If only the financial world had paid more attention to FSP SOP 94-6-1, there might not have been a subprime mortgage crisis.
It is safe to say that many preparers of financial statements, not to mention the large majority of investors, pay little attention to the deliberations of the Financial Accounting Standards Board — at least, that is, until they result in rules that directly affect financial results.
Yet at a conference Thursday morning, FASB chairman Robert Herz reminded both investors and preparers that his staff issued an unusual six-page “reminder” back in December 2005 that warned that investments in subprime mortgages were risky.
Unfortunately, the title of the document was not “Investments in Subprime Mortgages are Risky.”
Still, by FASB standards, it was pretty darn close. “Terms of Loan Products That May Give Rise to a Concentration of Credit Risk,” also known as FASB Staff Position SOP 94-6-1, warned investors and financial preparers alike that FASB’s staff “is aware of loan products whose contractual features may increase the exposure of the originator, holder, investor, guarantor, or servicer to the risk of nonpayment or realization.”
In that paper, FASB’s staff warned specifically about types and features of subprime mortgages that have since become household phrases: negative amortization, option adjustable-rate mortgages, interest-only loans.
The paper also warned that some of these features, such as low introductory interest rates that set higher after several years, “may delay defaults” even as they ultimately “affect a borrower’s ability to repay the loan and lead to increased defaults and losses.”
The financial vehicles into which those features were packaged became “ticking time-bombs,” Herz said earlier this month at a joint meeting of FASB and the International Accounting Standards Board in London. “And the bombs started to explode,” he added. At that meeting, Herz added that the securitization of those loans had made improper use of an accounting mechanism known as a qualified special purpose entity, or QSPE. Both U.S. and international accounting standards setters are now looking to eliminate QSPEs.
Eliminating QSPEs will be “like taking the punch bowl away” from banks and other firms that have enjoyed the off-balance sheet treatment it afforded them, said Herz, who spoke Thursday morning at the annual Financial Reporting Conference Thursday morning in New York at Baruch College’s Zicklin School of Business. If QSPEs are eliminated, companies will be required to review whether all special purpose entities — the trusts that are used to hold securitized assets — need to be consolidated under the accounting rules laid out by Fin 46R. However, Fin 46R is also currently under review at FASB.
At the time it released its position paper, FASB’s staff noted that it had done so to emphasize the need for financial statement preparers to consider whether they had disclosed enough information about the risks involved in such loans, and whether changes in market conditions required additional disclosure.
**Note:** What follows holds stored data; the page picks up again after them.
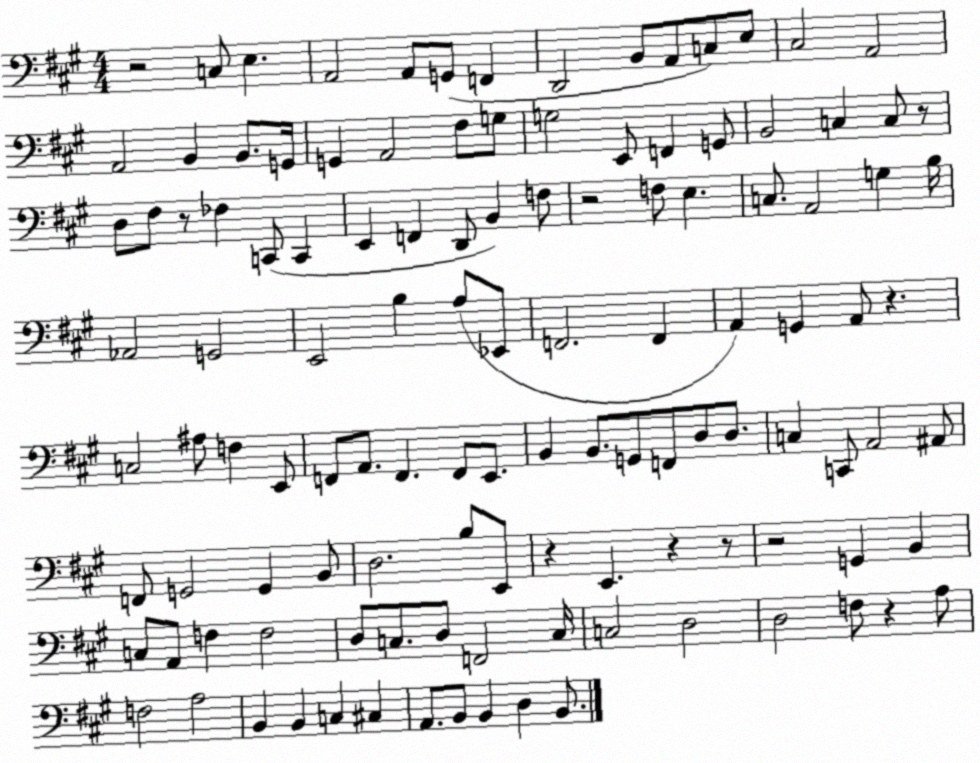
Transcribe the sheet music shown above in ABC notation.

X:1
T:Untitled
M:4/4
L:1/4
K:A
z2 C,/2 E, A,,2 A,,/2 G,,/2 F,, D,,2 B,,/2 A,,/2 C,/2 E,/2 ^C,2 A,,2 A,,2 B,, B,,/2 G,,/4 G,, A,,2 ^F,/2 G,/2 G,2 E,,/2 F,, G,,/2 B,,2 C, C,/2 z/2 D,/2 ^F,/2 z/2 _F, C,,/2 C,, E,, F,, D,,/2 B,, F,/2 z2 F,/2 E, C,/2 A,,2 G, B,/4 _A,,2 G,,2 E,,2 B, A,/2 _E,,/2 F,,2 F,, A,, G,, A,,/2 z C,2 ^A,/2 F, E,,/2 F,,/2 A,,/2 F,, F,,/2 E,,/2 B,, B,,/2 G,,/2 F,,/2 D,/2 D,/2 C, C,,/2 A,,2 ^A,,/2 F,,/2 G,,2 G,, B,,/2 D,2 B,/2 E,,/2 z E,, z z/2 z2 G,, B,, C,/2 A,,/2 F, F,2 D,/2 C,/2 D,/2 F,,2 C,/4 C,2 D,2 D,2 F,/2 z A,/2 F,2 A,2 B,, B,, C, ^C, A,,/2 B,,/2 B,, D, B,,/2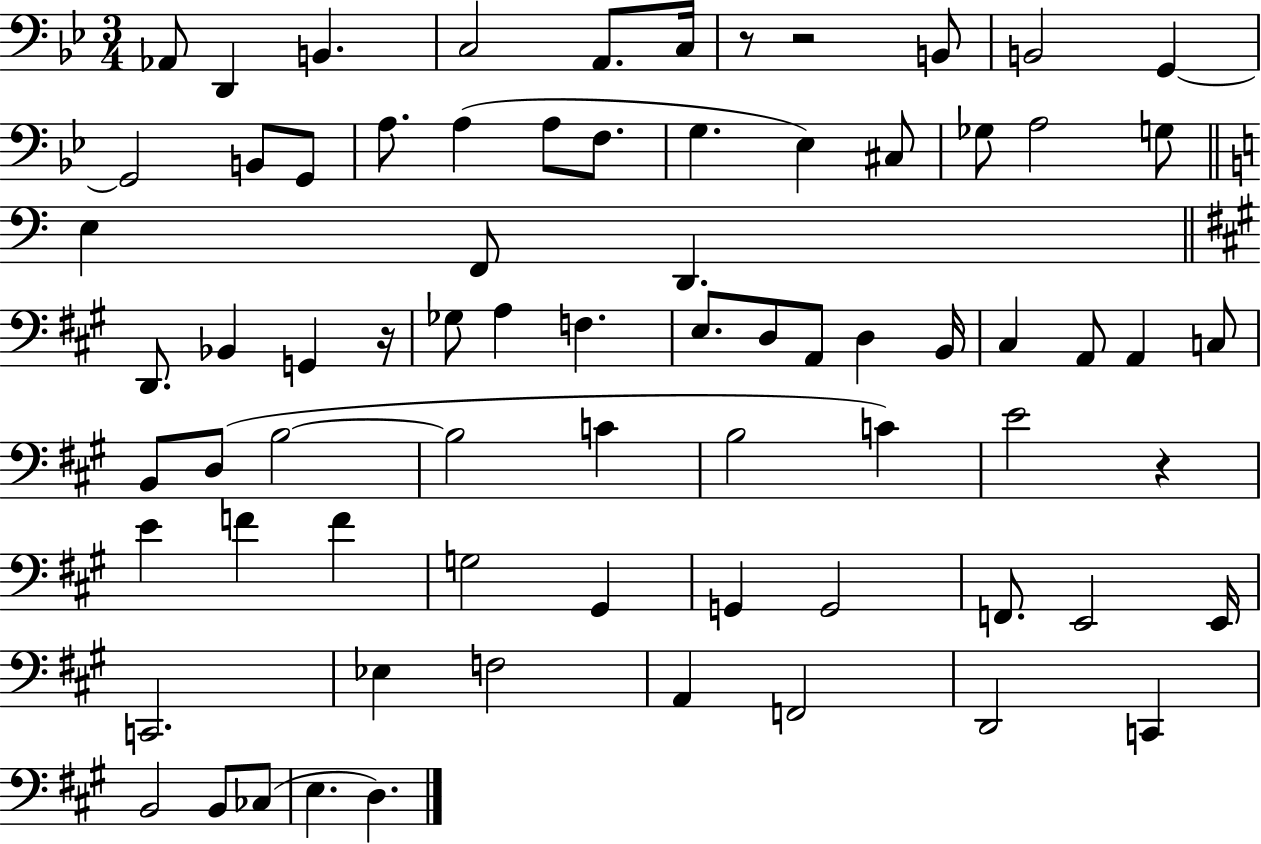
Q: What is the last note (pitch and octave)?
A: D3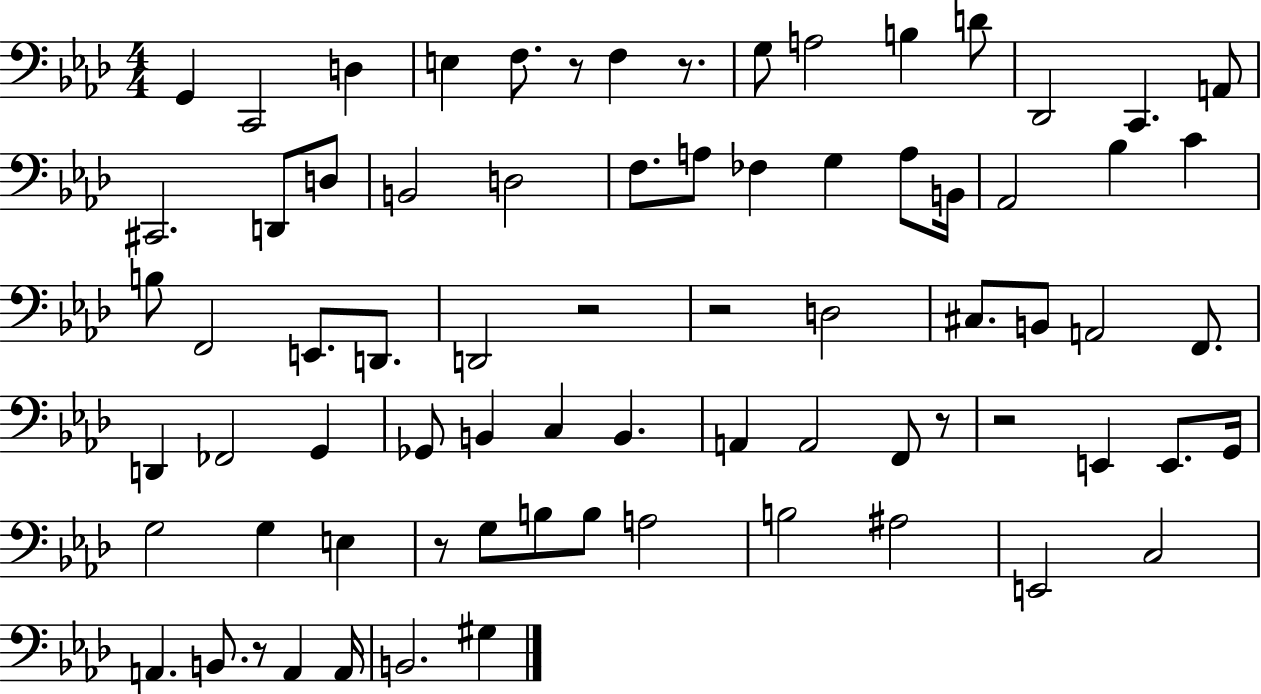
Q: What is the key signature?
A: AES major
The paper strongly suggested that additional disclosure was required — by a variety of accounting standards — for many of the subprime scenarios it described.
Under one of those rules, FAS 107, additional disclosures are required for significant concentrations of risk, although the staff added that “Judgment is required to determine whether loan products have terms that give rise to a concentration of credit risk.”
As it happens, the question of judgment will be addressed in another conference this week, to be held Friday, in which the Securities and Exchange Commission’s Committee on Improvements to Financial Reporting will discuss, among other things, the question of what constitutes “a reasonable judgment” by a financial statement preparer. The CIFR committee is also expected to address securitization.